PAYMENT: You agree to make payment either electronically or by mail. We will provide you with an "Authorization Agreement for Electronic Payments° agreement. You authorize us to change the Lease payment by not more than 15% due to changes in the Equipment configuration, which may occur prior to our acceptance of this Lease. Restrictive endorsements on checks you send to us will not reduce your obligations to us. Whenever any Lease payment or other payment is not made when due, you agree to pay us, within one month, a late charge of the greater of ten percent (10%) of the payment or $20.00 for each delayed payment for our internal operating expenses arising as a result of each delayed payment, but only to the extent permitted by law.

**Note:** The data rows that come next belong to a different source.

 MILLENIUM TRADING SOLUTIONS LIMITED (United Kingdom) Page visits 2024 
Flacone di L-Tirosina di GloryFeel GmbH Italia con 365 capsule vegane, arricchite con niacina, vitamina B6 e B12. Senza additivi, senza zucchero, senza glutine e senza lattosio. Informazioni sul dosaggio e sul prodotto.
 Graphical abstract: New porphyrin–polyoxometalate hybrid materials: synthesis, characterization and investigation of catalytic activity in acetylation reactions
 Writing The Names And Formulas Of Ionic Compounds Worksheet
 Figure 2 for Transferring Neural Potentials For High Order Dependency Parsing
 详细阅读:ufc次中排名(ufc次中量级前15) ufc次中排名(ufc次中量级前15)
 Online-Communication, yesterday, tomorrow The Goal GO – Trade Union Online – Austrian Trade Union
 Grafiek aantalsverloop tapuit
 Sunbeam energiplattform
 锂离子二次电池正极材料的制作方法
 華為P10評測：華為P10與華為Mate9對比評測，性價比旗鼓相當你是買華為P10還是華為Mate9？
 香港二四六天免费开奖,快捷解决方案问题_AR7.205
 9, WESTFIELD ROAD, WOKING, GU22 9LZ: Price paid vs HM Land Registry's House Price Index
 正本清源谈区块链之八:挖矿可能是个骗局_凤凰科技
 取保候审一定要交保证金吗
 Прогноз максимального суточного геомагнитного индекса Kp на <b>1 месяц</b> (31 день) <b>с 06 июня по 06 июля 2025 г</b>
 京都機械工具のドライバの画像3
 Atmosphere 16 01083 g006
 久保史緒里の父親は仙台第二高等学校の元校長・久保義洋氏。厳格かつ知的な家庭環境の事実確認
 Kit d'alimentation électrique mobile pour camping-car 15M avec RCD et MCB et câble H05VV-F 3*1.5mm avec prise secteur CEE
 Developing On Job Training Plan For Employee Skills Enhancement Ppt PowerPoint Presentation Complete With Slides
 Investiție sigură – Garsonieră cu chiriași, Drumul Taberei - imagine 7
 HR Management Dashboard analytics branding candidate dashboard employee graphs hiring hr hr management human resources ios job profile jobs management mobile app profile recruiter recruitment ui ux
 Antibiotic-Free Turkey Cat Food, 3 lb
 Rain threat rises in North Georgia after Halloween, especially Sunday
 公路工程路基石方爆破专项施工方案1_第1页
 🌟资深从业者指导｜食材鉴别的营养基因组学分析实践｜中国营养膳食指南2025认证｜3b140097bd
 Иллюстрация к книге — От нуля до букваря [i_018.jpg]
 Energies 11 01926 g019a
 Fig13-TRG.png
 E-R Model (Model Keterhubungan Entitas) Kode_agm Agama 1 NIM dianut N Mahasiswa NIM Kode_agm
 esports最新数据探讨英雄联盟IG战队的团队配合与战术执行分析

LOCATION AND OWNERSHIP OF EQUIPMENT: You will keep and use the Equipment only at "the Equipment location address." You agree that the Equipment will not be removed from that address unless you get our written permission in advance to move it. You agree to pay the costs incurred by us to verify installation of the Equipment prior to commencement or during the term of the Lease. We are the owner of the Equipment and have title to the Equipment.
USE, MAINTENANCE AND INSTALLATION: You are responsible for protecting the Equipment from damage except for ordinary wear and tear and from any other kind of loss while you have the Equipment. If the Equipment is damaged or lost, you agree to continue to pay rent. You will not move the Equipment from the Equipment location without our advance written consent. You will give us reasonable access to the Equipment location so that we can check the Equipment's existence, condition and proper maintenance. You will use the Equipment in the manner for which it was intended, as required by all applicable manuals and instructions and keep it eligible for any manufacturer's certification and/or standard, full service maintenance contract. At your own cost and expense, you will keep the Equipment in good repair, condition and working order, ordinary wear and tear excepted. All replacement parts and repairs will become our property. You will not make any permanent alterations to the Equipment.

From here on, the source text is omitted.